Lock step refers to any of several dance steps that involves the "locking" of the moving foot:  the moving foot approaches to the standing foot, crosses in front of or behind it in the direction of the approach, stops close to the standing foot, and the weight is fully transferred to the (previously) moving foot.

The closeness of the feet so that the lower legs of the dancer are "locked" together crossed is the main difference from other cross-steps used, e.g., in the grapevine, where the moving (crossing)  foot travels away from the standing foot and the lower legs are separated.
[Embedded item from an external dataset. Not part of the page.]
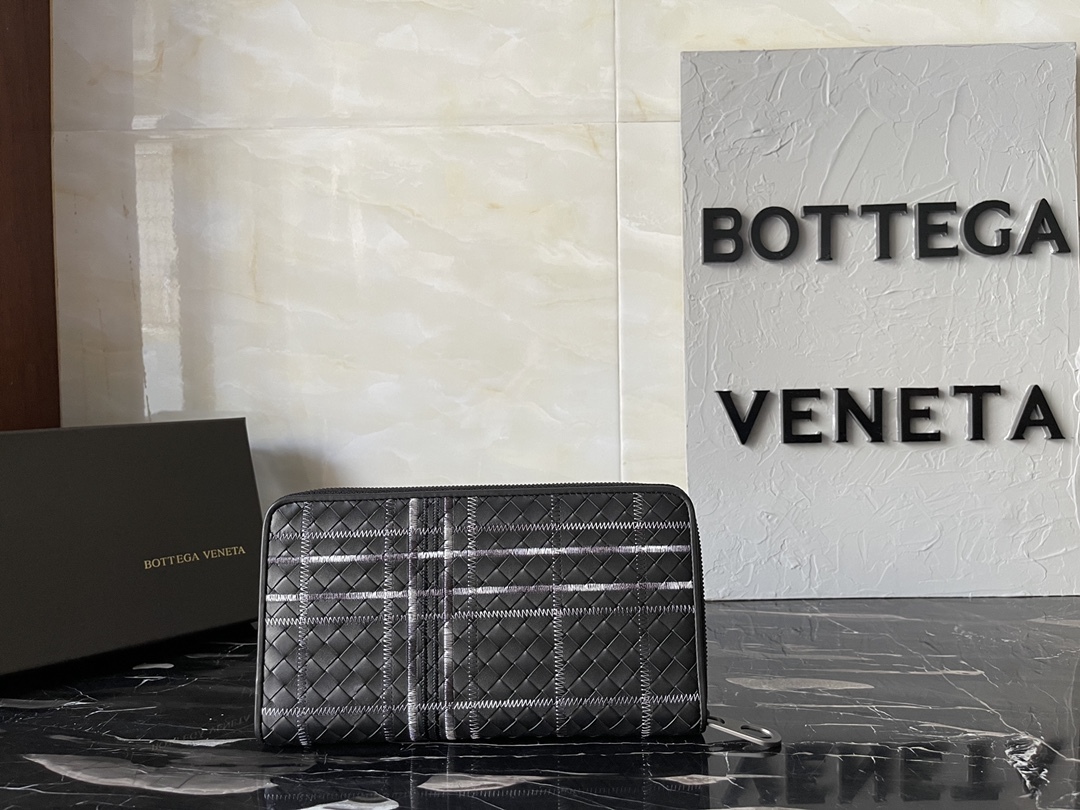 ボッテガ・ヴェネタ「Bottega Veneta」イントレチャート ザッパー ウォレット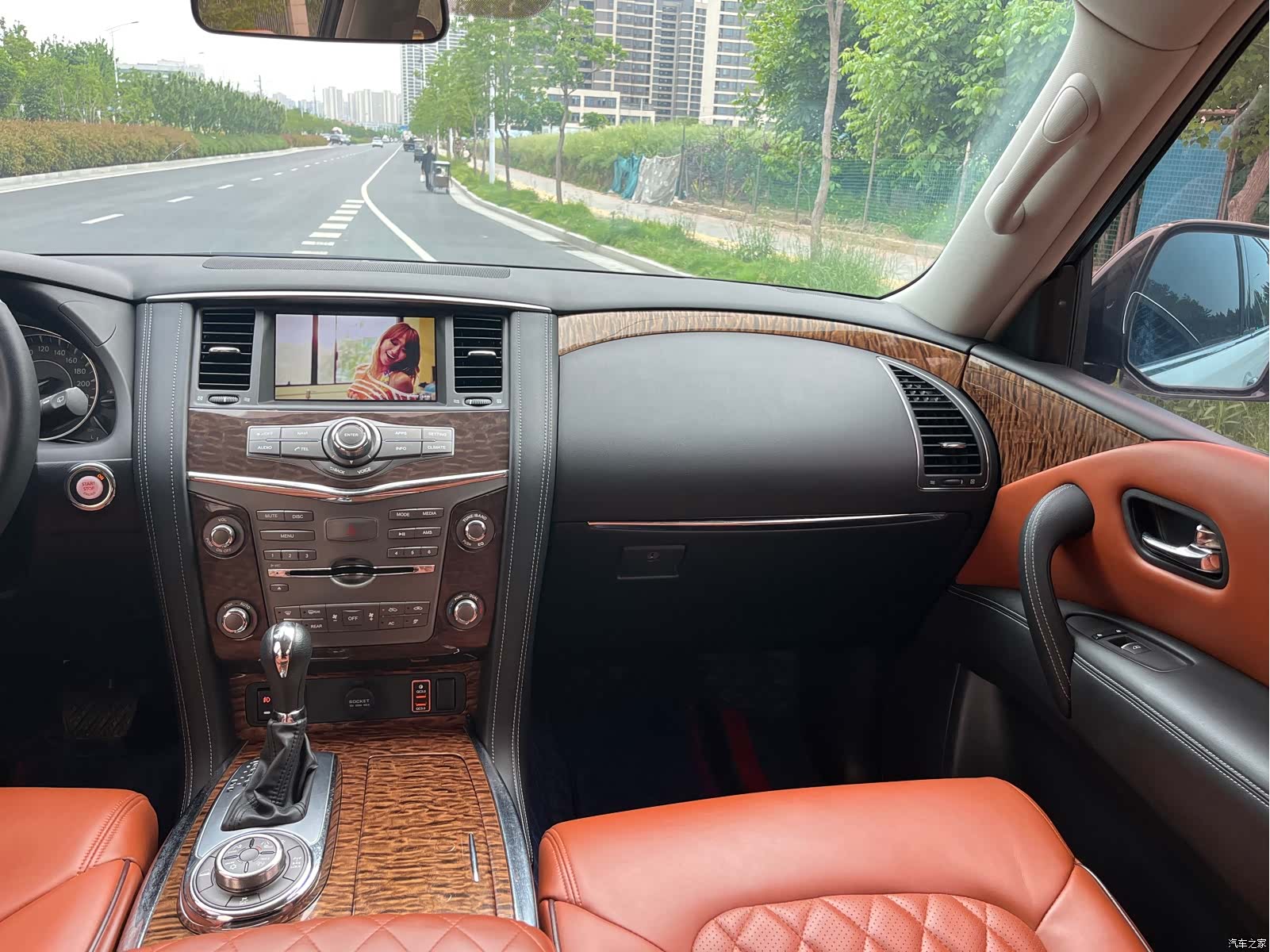 Nissan Patrol, 2020 10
In the whisk the crossing foot travels around the standing foot, rather than "locks" from the direction of approach.

The term "lock step" or simply "lock" may be applied either to a single "locking" step or to a whole step pattern, e.g., of three steps, such as "step diagonally forward, lock behind, step diagonally forward". The footwork varies depending on the actual dance figure.

Lock steps are popular in the quickstep.

Ballroom dance figures
There are several dance figures with names involving the words "lock" or "lock step", as well as several figures that use the lock as part of the pattern.
Back lock
Forward lock
Turning lock
Curving lock
Skip lock
Syncopated lock (single or double)
Samba locks
Cruzados locks
The Six Quick Lock
Double lock
Forward checked lock
Reverse turns in Viennese waltz
Fishtail
In cha-cha-cha, advanced variations of basic figures  may involve replacement of the cha-cha-cha chassés with lock steps.
Some triple steps in West Coast Swing may be stylized into lock-steps.